Ninguno de los bandos representa a los buenos, ninguno representa a los malos. Es el antagonismo previo y puro de la vida lo que está en juego. Es la ambivalencia originaria del mundo lo que está allí presente, mucho antes de que pueda ser domesticada por un sistema de pensamiento. Y mucho se ve allí representado: la vida y la muerte, la repetición de errores y la innovación, el acierto y la distracción, el arrojo y el temor, el cálculo y el sacrificio. Es la pasión de un juego inconmensurable.
Como sucedió con Rimbaud, quedará para siempre el misterio del estallido fulgurante de un genio absoluto seguido de un completo silencio. Un niño de trece años que ganó en 1956 una partida considerada como una de las mejores del siglo pasado, contra Donald Byrne. Y que a los 14 años ganó el campeonato juvenil de Estados Unidos, el abierto de Cleveland y el campeonato nacional. Sin embargo, ya campeón mundial, nunca defendió la corona. ¿Era su destino convertirse en rey del tablero, sólo para quedar en posición de ahogado en medio de la partida? Porque durante 20 años posteriores estuvo ausente de toda competencia. Quedará asimismo abierto ese otro misterio: el de la divergencia entre la genialidad de una persona y su miseria. Fue también el caso de Rimbaud, quien sobre el final de su vida ofició de traficante de armas y de esclavos.

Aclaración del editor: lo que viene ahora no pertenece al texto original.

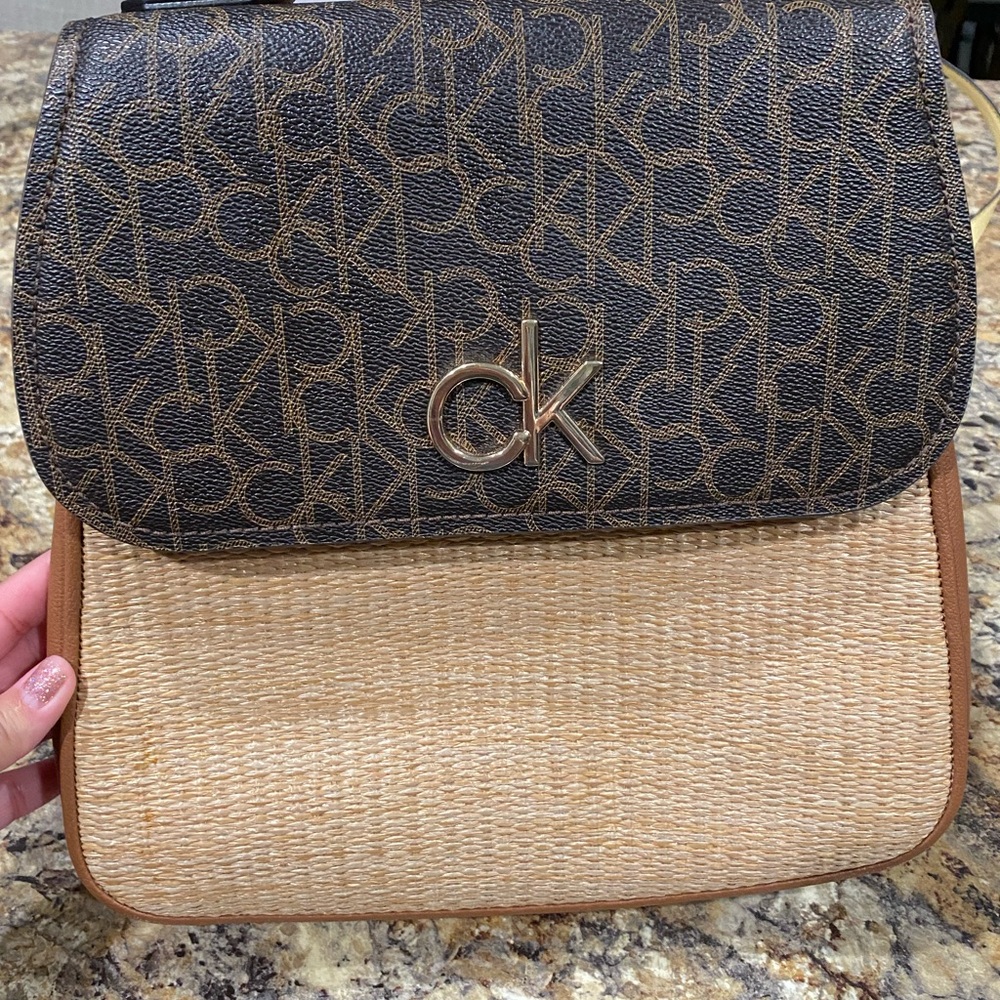 Calvin Klein Brown and Tan Backpack Bag with Monogram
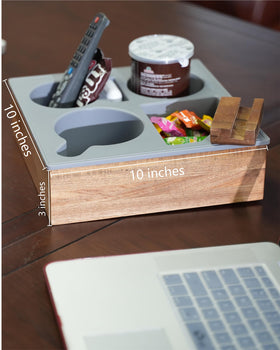 Hitseon compact couch tray keeps drinks remotes and snacks within reach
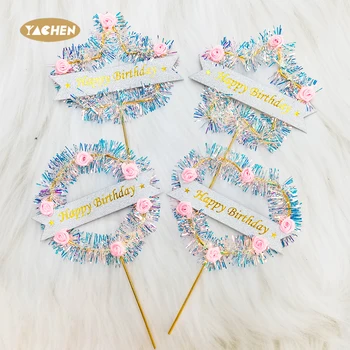 YACHEN New Design Sparkle Happy Birthday Cake Toppers Accessories Cake Decorating Supplies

Lo que se establece sobre un tablero de ajedrez es una lucha encarnizada, de tremenda profundidad y dimensión, y una lucha que contrasta con el silencio en el que ella sucede. Es la lucha lo que se muestra y es el silencio lo que queda implícito. ¿Qué extraño enroque de la vida llevó a Bobby Fischer a invertir la situación? Porque lo que parece haber sucedido es que exteriorizó el silencio e interiorizó la lucha. Una lucha en la que él quedó convertido en el campo de batalla. En todo caso, si el ajedrez es siempre también la lucha contra un tercer oponente invisible, el reloj, Bobby Fischer hizo ahora su último movimiento y lo detuvo para siempre.